Aus Anlass der Debatte im Deutschen Bundestag erklärte der außenpolitische Sprecher der CDU/CSU-Bundestagsfraktion, Jürgen Hardt in einer Pressemitteilung:

„Das gegen den Ringer Navid Afkari unter fadenscheinigen Argumenten verhängte Todesurteil und die rasche Vollstreckung trotz ernsthafter Zweifel an den Vorwürfen und internationaler Proteste reiht sich ein in eine Politik konsequenter Menschenrechtsverletzungen von Seiten Teherans.
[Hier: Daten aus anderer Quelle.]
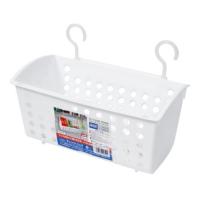 ราคา ตะกร้าพลาสติก สำหรับใส่ของ มีขอแขวนเหลี่ยม สีขาว (3620945388)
Das Ajatollah-Regime geht seit Jahren mit aller Härte gegen Kritiker und Andersdenkende vor und unterdrückt die eigene Bevölkerung systematisch.

Iran ist nach China der Staat mit den zweitmeisten vollstreckten Todesurteilen weltweit. Die Todesstrafe widerspricht klar und deutlich europäischen Werten. Auch dies muss in unseren Beziehungen zum Iran immer mitgedacht werden.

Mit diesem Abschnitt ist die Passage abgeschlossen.